[Start of Attachment]
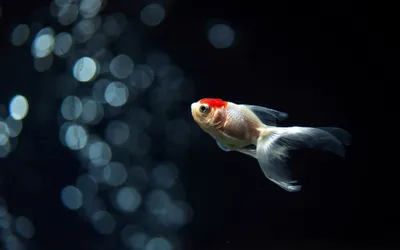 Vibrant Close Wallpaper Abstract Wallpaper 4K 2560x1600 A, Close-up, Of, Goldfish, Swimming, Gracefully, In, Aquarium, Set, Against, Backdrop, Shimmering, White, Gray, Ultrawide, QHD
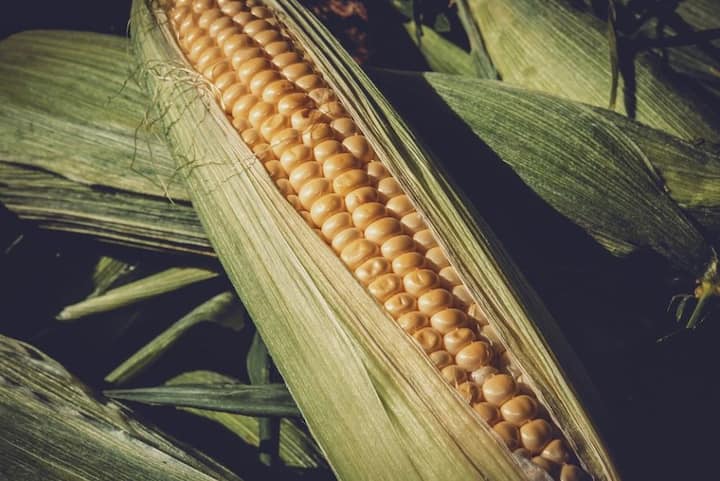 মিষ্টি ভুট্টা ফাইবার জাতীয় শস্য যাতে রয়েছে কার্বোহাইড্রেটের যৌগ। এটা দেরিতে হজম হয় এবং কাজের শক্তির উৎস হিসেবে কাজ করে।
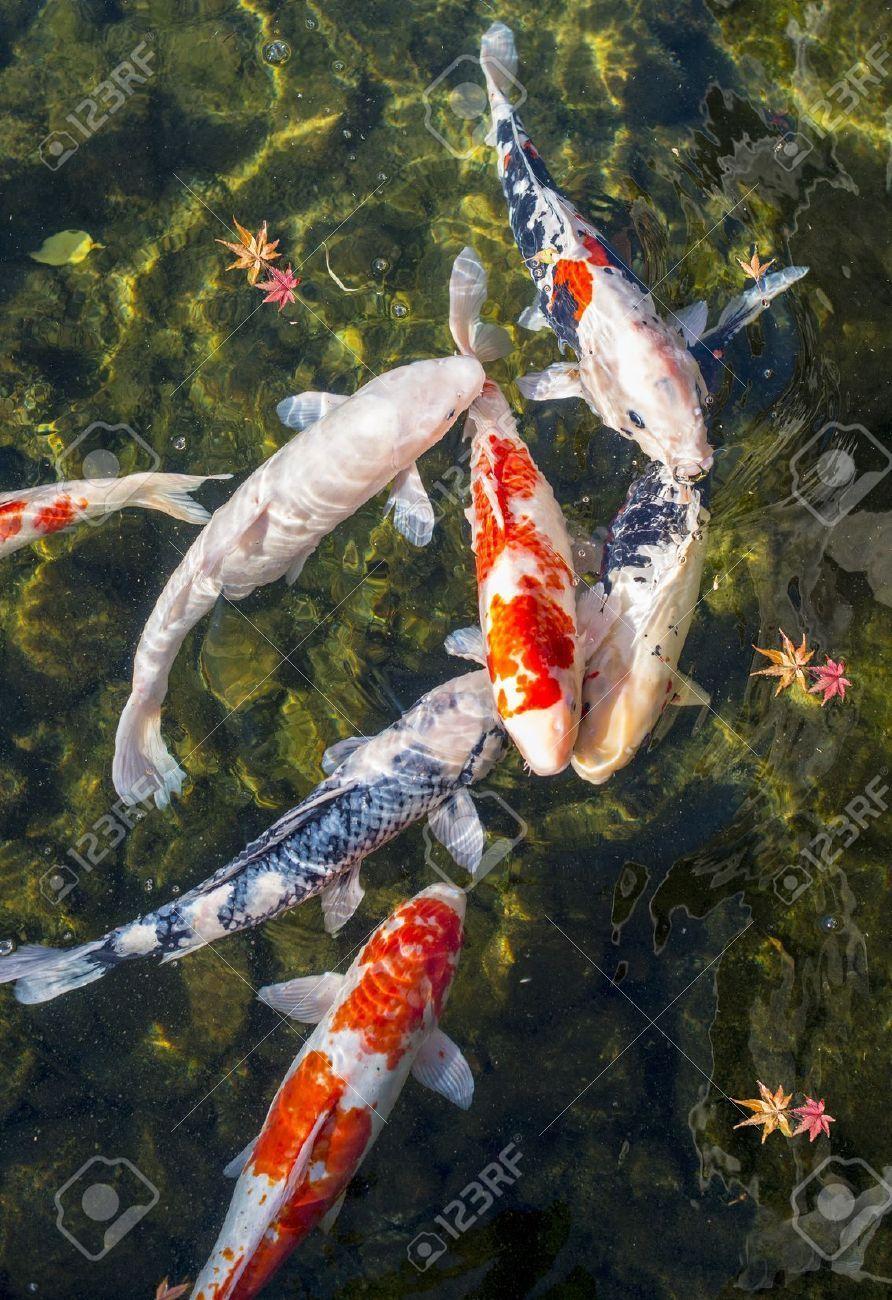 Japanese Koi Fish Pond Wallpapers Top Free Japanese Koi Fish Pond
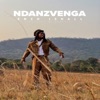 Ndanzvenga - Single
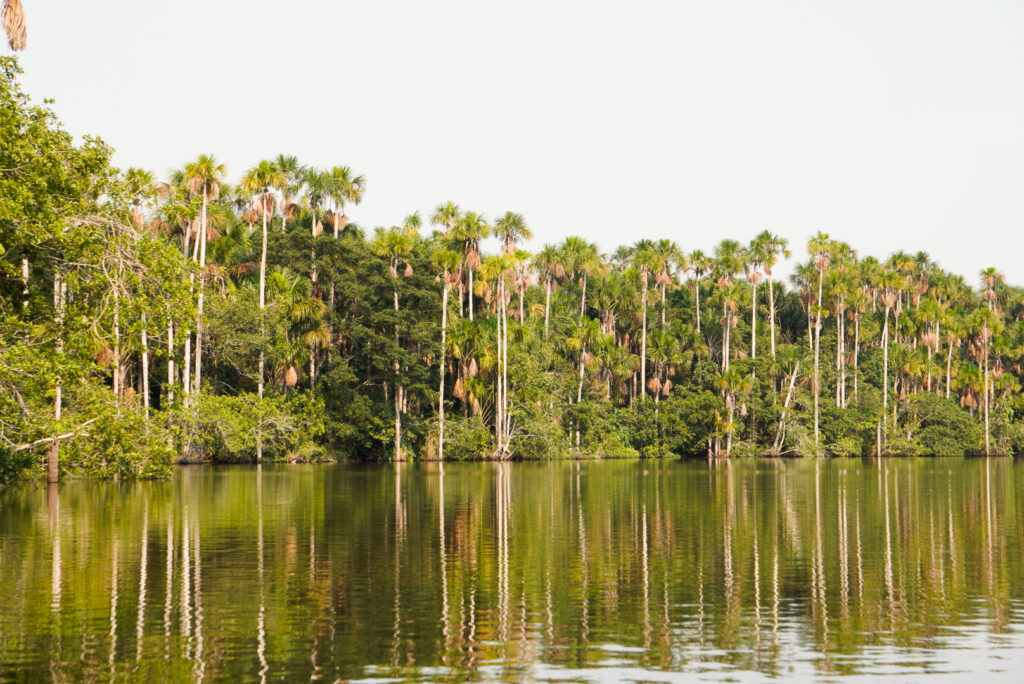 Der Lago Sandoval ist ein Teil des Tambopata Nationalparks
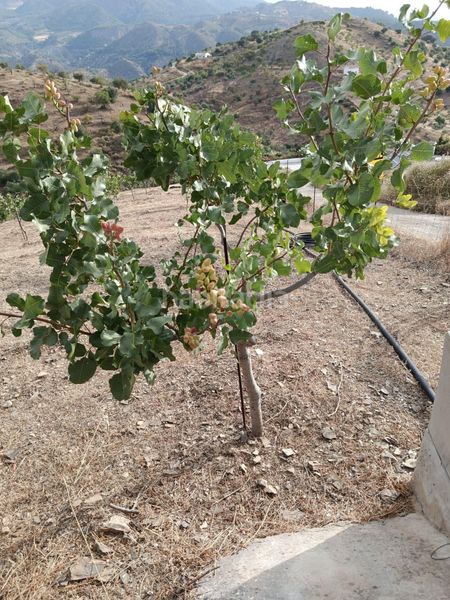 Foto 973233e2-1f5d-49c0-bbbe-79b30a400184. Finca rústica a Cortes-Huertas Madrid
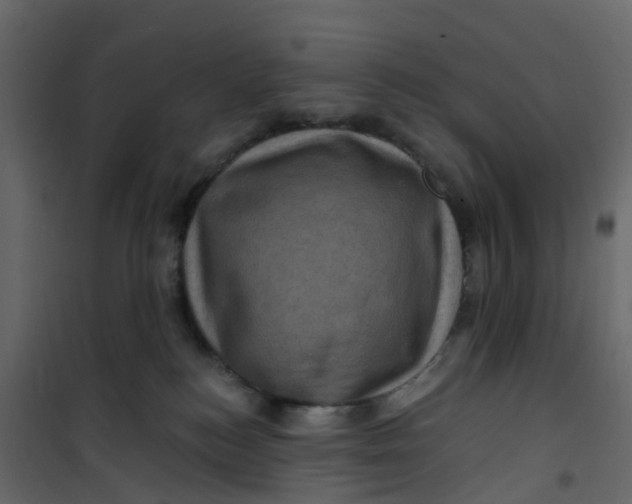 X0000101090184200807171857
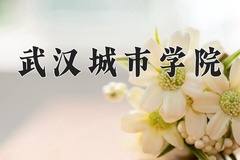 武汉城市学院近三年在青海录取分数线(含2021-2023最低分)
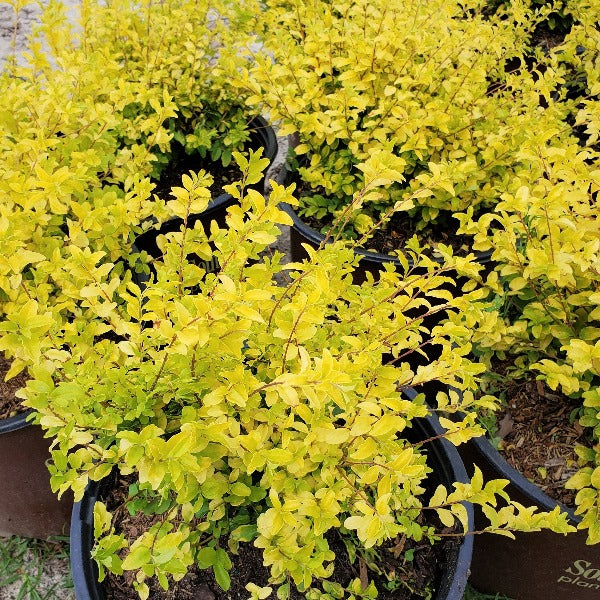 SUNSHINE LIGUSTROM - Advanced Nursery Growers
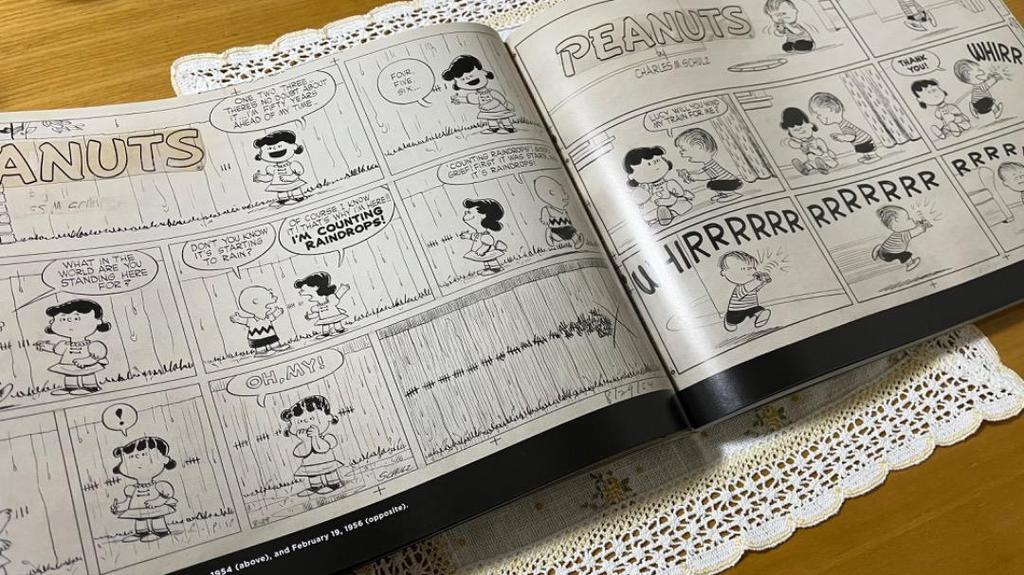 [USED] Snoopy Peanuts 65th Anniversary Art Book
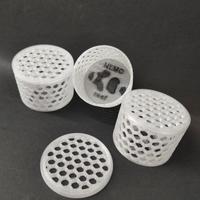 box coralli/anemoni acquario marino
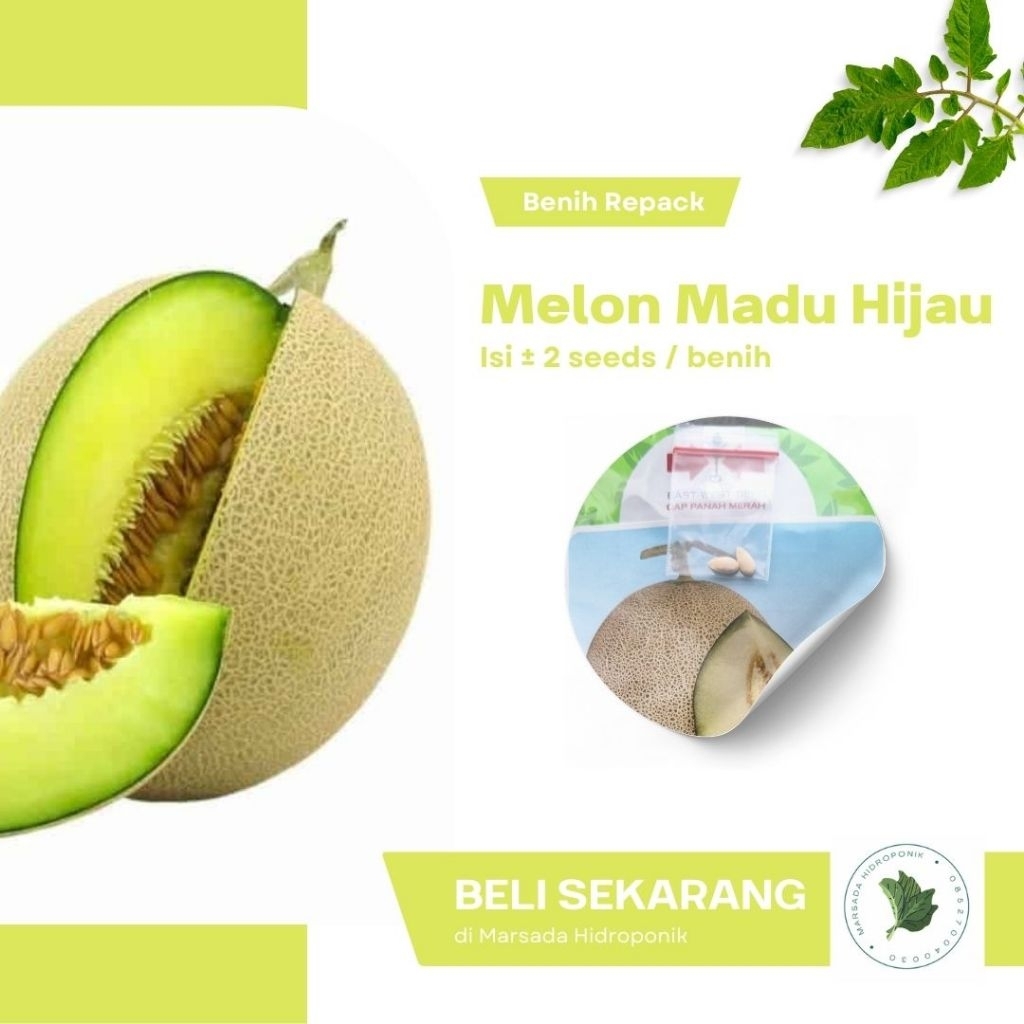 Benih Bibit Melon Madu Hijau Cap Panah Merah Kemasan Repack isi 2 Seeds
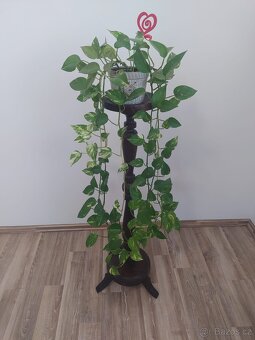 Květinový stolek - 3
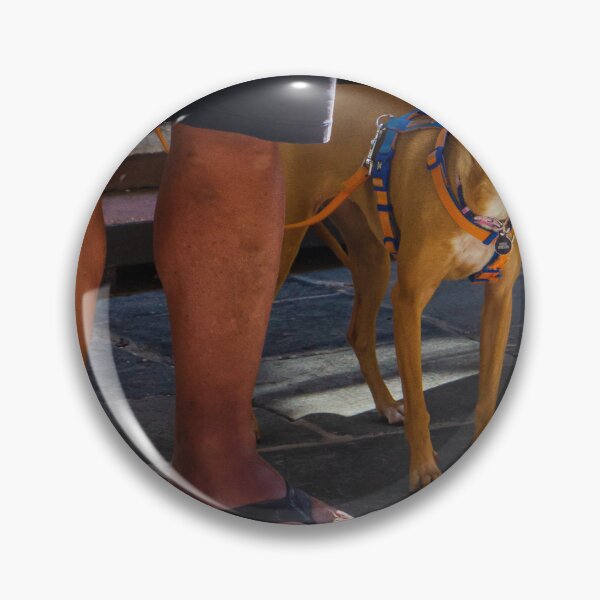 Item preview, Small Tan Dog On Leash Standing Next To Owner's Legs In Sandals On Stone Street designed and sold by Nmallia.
[End of Attachment]
Task description = Every line from the top of the material above through the line with "Foto 973233e2-1f5d-49c0-bbbe-79b30a400184. Finca" should be duplicated exactly, please; leave out the pictures.

Solved exercise =
 Vibrant Close Wallpaper Abstract Wallpaper 4K 2560x1600 A, Close-up, Of, Goldfish, Swimming, Gracefully, In, Aquarium, Set, Against, Backdrop, Shimmering, White, Gray, Ultrawide, QHD
 মিষ্টি ভুট্টা ফাইবার জাতীয় শস্য যাতে রয়েছে কার্বোহাইড্রেটের যৌগ। এটা দেরিতে হজম হয় এবং কাজের শক্তির উৎস হিসেবে কাজ করে।
 Japanese Koi Fish Pond Wallpapers Top Free Japanese Koi Fish Pond
 Ndanzvenga - Single
 Der Lago Sandoval ist ein Teil des Tambopata Nationalparks
 Foto 973233e2-1f5d-49c0-bbbe-79b30a400184. Finca rústica a Cortes-Huertas Madrid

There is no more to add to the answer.